The decomposition of the input model as a sum of elements (simplified models) is the first step for confronting the model with the experimental limits. The next step consists of computing the relevant signal cross sections (or theory predictions) for comparison with the experimental limits. Below we describe the procedure for the computation of the theory predictions after the model has been decomposed.

Computing Theory Predictions

As discussed in Database Definitions, the SModelS database allows for two types of experimental constraints: Upper Limit constraints (see UL-type results) and Efficiency Map constraints (see EM-type results). Each of them requires different theoretical predictions to be compared against experimental data.

UL-type results constrains the weight (\(\sigma \times BR\)) of one element or sum of elements. Therefore SModelS must compute the theoretical value of \(\sigma \times BR\) summing only over the elements appearing in the respective constraint. This is done by assigning an efficiency equal to 1 (0) to each element, if the element appears (does not appear) in the constraint.

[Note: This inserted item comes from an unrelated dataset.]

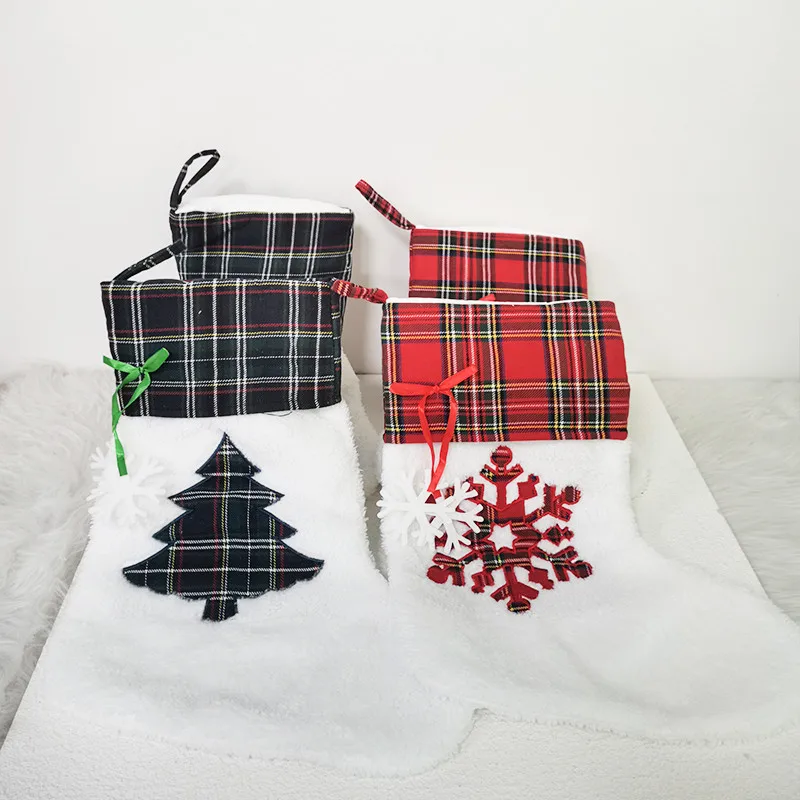 10 unids/lote gato perro pata de calcet&iacute;n de Navidad decoraci&oacute;n del copo de nieve de la huella patr&oacute;n de Navidad medias dulces bolsa de almacenamiento-0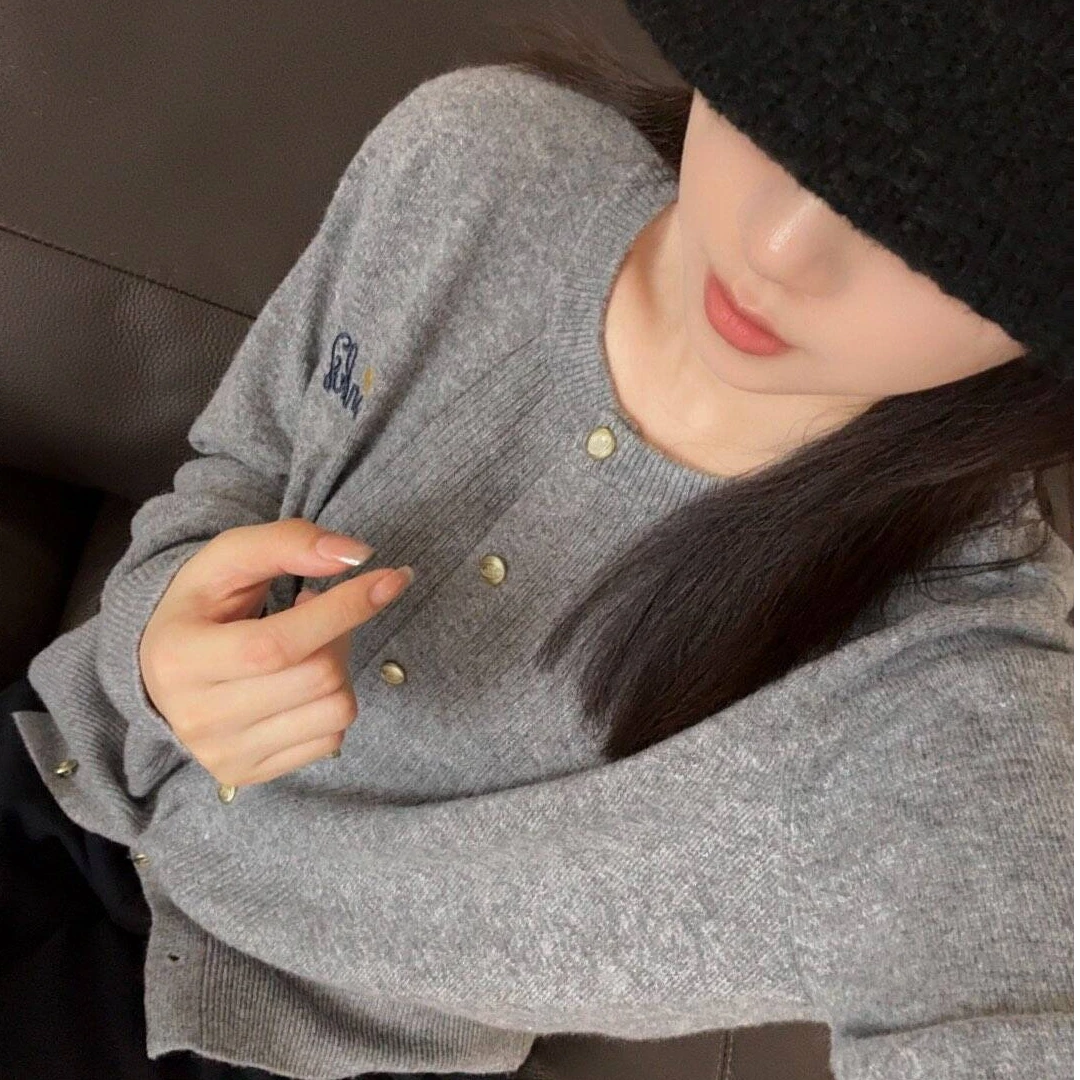 Y.M |  温柔际遇 浣熊绒韩系刺绣设计师温柔高级针织毛衣开衫854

Then the final theoretical prediction is the sum over all elements with a non-zero value of \(\sum \sigma \times BR \times \epsilon\). This value can then be compared with the respective 95% C.L. upper limit extracted from the UL map (see UL-type results).

On the other hand, EM-type results constrain the total signal (\(\sum \sigma \times BR \times \epsilon\)) in a given signal region (DataSet). Consequently, in this case SModelS must compute \(\sigma \times BR \times \epsilon\) for each element, using the efficiency maps for the corresponding DataSet. The final theoretical prediction is the sum over all elements with a non-zero value of \(\sigma \times BR \times \epsilon\). This value can then be compared with the signal upper limit for the respective signal region (data set).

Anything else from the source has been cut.